U.S. v. Fiala

Decision Date28 March 1991
Docket Number90-1551,Nos. 90-1489,s. 90-1489
Citation929 F.2d 285
PartiesUNITED STATES of America, Plaintiff-Appellee, v. Orlando FIALA and John DeLuna, Defendants-Appellants.
CourtU.S. Court of Appeals — Seventh Circuit

David E. Risley, Office of the U.S. Atty., Springfield, Ill., for plaintiff-appellee.

Michael B. Metnick, Metnick & Barewin, Springfield, Ill., for Fiala.

Jed Stone, Urban & Stone, Chicago, Ill., for DeLuna.

Before BAUER, Chief Judge, FLAUM and KANNE, Circuit Judges.

FLAUM, Circuit Judge.

Orlando Fiala was convicted in district court of conspiracy to distribute and possession of marijuana. His co-defendant John DeLuna was convicted of conspiracy to distribute marijuana and of being a felon in possession of a firearm. Both appeal the district court's denial of their motions to suppress evidence discovered by police in an automobile driven by Fiala and owned by DeLuna that was searched after a traffic stop. Fiala also appeals his sentence, contesting Sentencing Guidelines offense level enhancements levied by the district court for obstruction of justice and possession of a weapon during the commission of a drug offense.
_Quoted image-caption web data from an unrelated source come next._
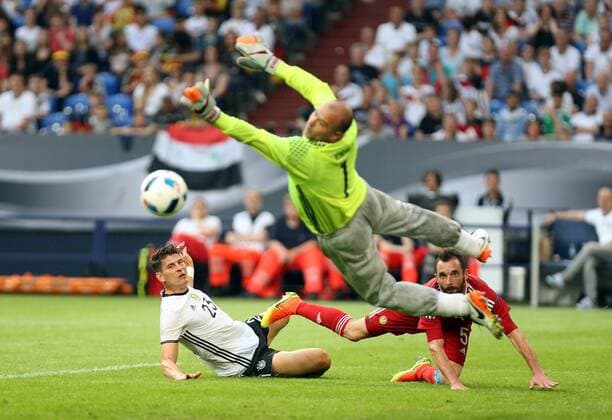 Bilder des Tages - SPORT Deutschland - Ungarn Deutschland, Gelsenkirchen, 04.06.2016, Fussball, FIFA, Länderspiel, Deutschland DFB - Ungarn: v.l. Mario Gomez (Deutschland), Gabor Kiraly, Attila Fiola (beide Ungarn); Vorlage Tor 2:0 Müller.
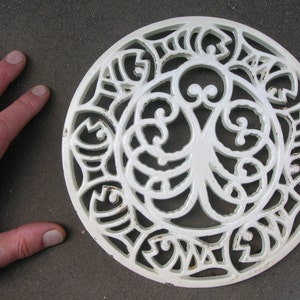Vintage Cast Iron Trivet, Hot Pot Stand, with Octopus & Fish Design (20 cm diameter) Condition: worn with a lot of small chips to paint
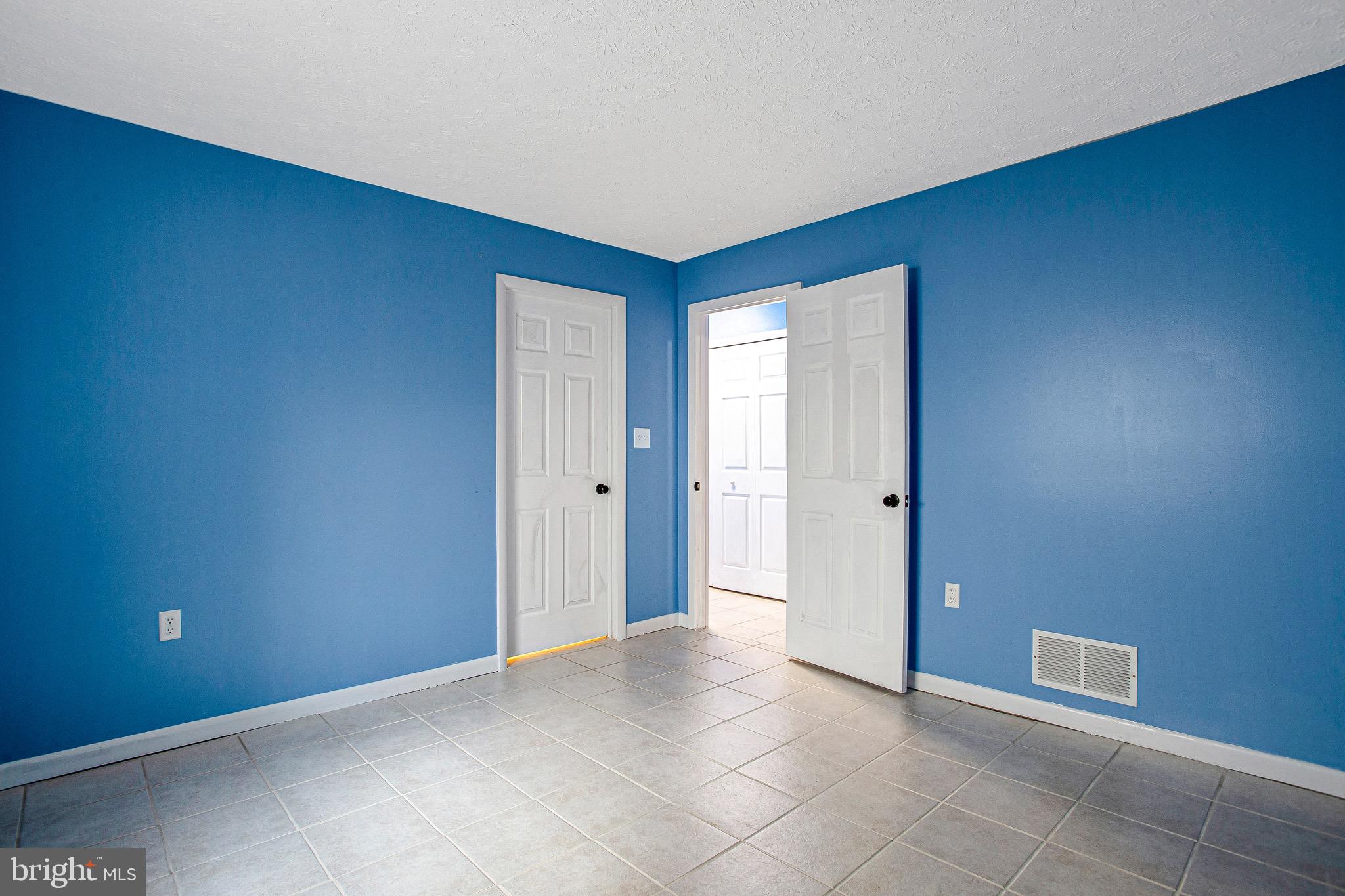 GLEN BURNIE HEIGHTS - Residential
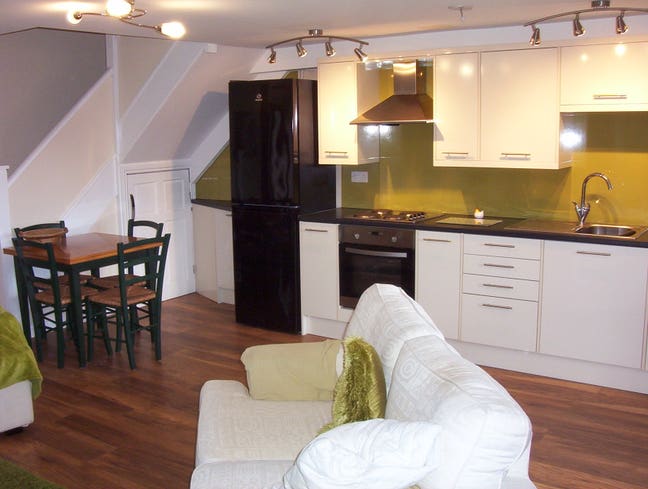 2 rooms within large property own kitchen parking Main Photo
We affirm both the district court's denial of the suppression motion and the imposition of the drug offense weapons enhancement, but reverse the imposition of the obstruction of justice enhancement.

I.

On the morning of December 29, 1987, Illinois State Trooper Michael Ores observed a yellow Ford driven by defendant Fiala on Interstate 55 in Central Illinois. The Ford piqued Ores' interest because it appeared to be heavily loaded, with its tail end riding low. Ores radioed Illinois State Trooper Greg Neumann who was nearby in another car, and the two began to follow Fiala's vehicle. Soon thereafter, the troopers observed the Ford drift roughly one-half its width over the "fog line" on the right side of the highway for 5-10 seconds before returning to its proper place in the driving lane.
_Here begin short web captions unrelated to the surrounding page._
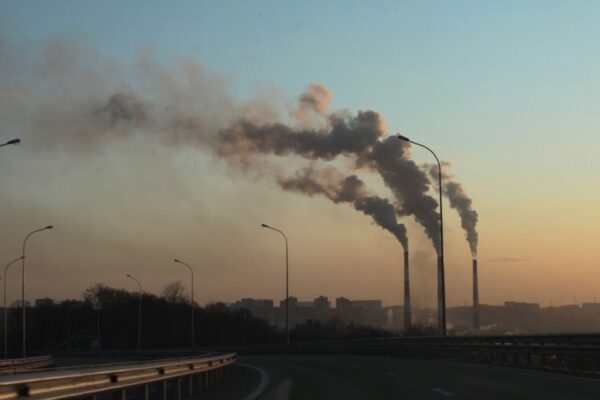 Руководителя челябинской организации оштрафовали за вредные выбросы
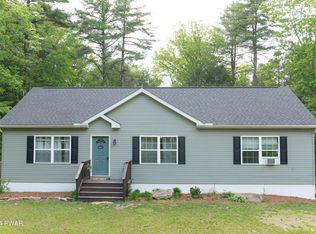 36 Fawn Ridge Dr, Hawley, PA 18428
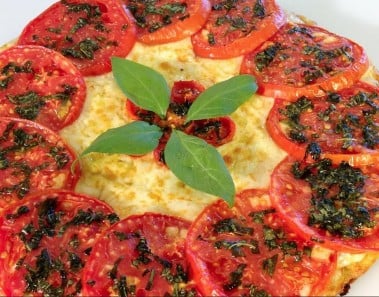 Thin Crust Tomato And Basil Pizza Pie-Vegetarian Food Recipes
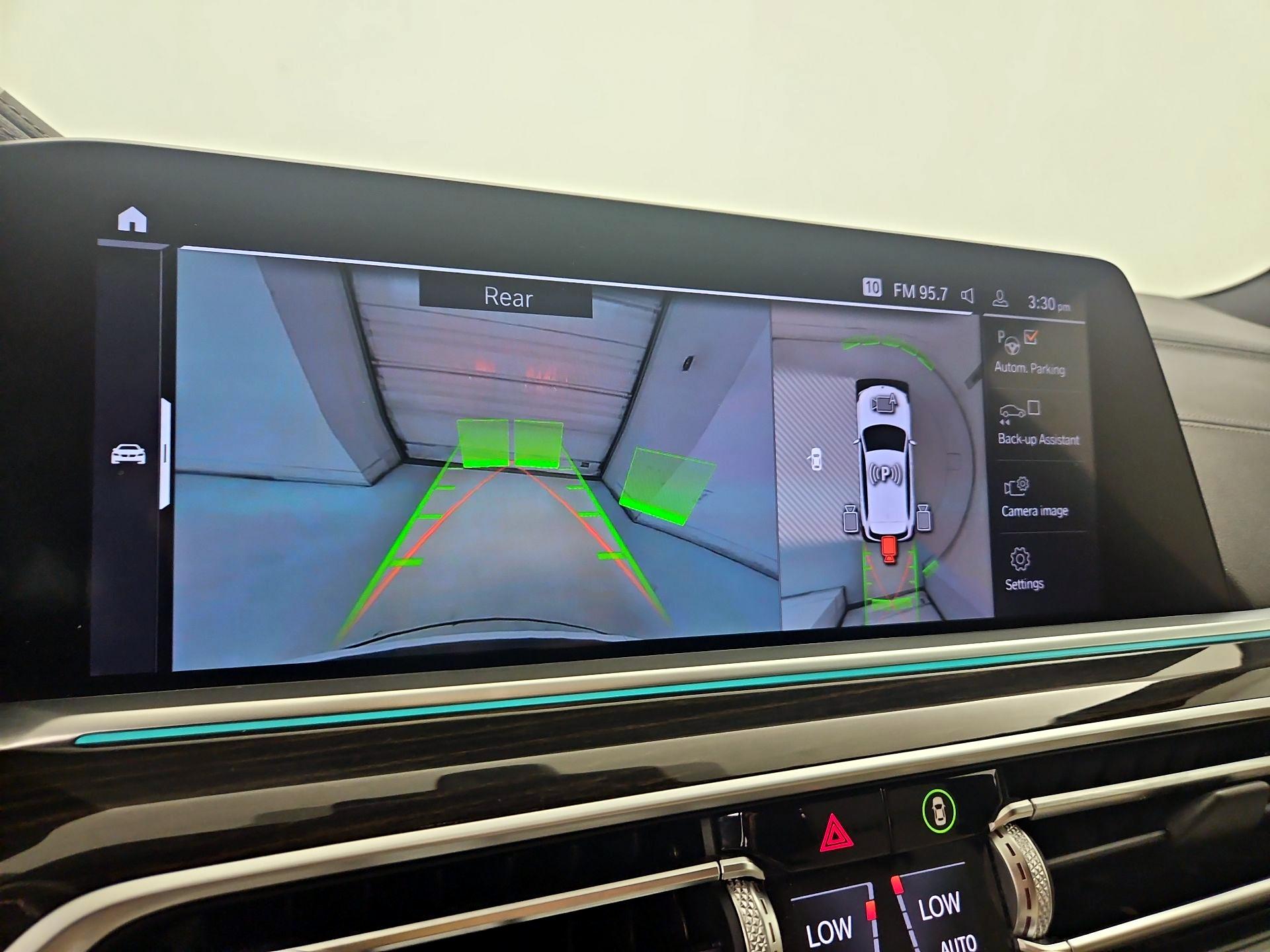 Thumbnail: 2021 BMW X5 - 15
The troopers stopped Fiala for violating Sec. 11-709 of the Illinois Vehicle Code ("whenever any roadway has been divided into two or more clearly marked lanes for traffic ... [a] vehicle shall be driven as nearly as practicable within a single lane and shall not be moved from such lane until the driver has first ascertained that such movement can be made with safety.") Ill.Rev.Stat., ch. 95 1/2, Sec. 11-709. Neumann approached the car, and asked the driver, Fiala, and his passenger Susan Lucio, for their drivers' licenses. Lucio gave her license to the trooper, but Fiala replied that he had lost his license at a previous stop for gas. A radio check indicated that Fiala's license was suspended but that Lucio's was valid. The query also revealed that the Ford belonged to Reynaldo Segura, though Fiala claimed that the car belonged to his brother Charles. Segura turned out to be an alias of defendant John DeLuna.

Neumann gave Fiala a warning for improper lane usage and a citation for driving without a valid license, the latter being a Class A misdemeanor in Illinois. Ill.Rev.Stat. ch. 95 1/2, Sec. 6-303. He also radioed a request for a criminal history check on Fiala and Lucio. The check came back positive--Neumann was informed that Fiala had previously been arrested for possession of marijuana. In response, the trooper asked Fiala if there was anything illegal in the car. Fiala replied that there was not. Neumann then asked Fiala and Lucio if they would consent to a search of the car. The two gave their oral consent, but refused to sign written consent forms.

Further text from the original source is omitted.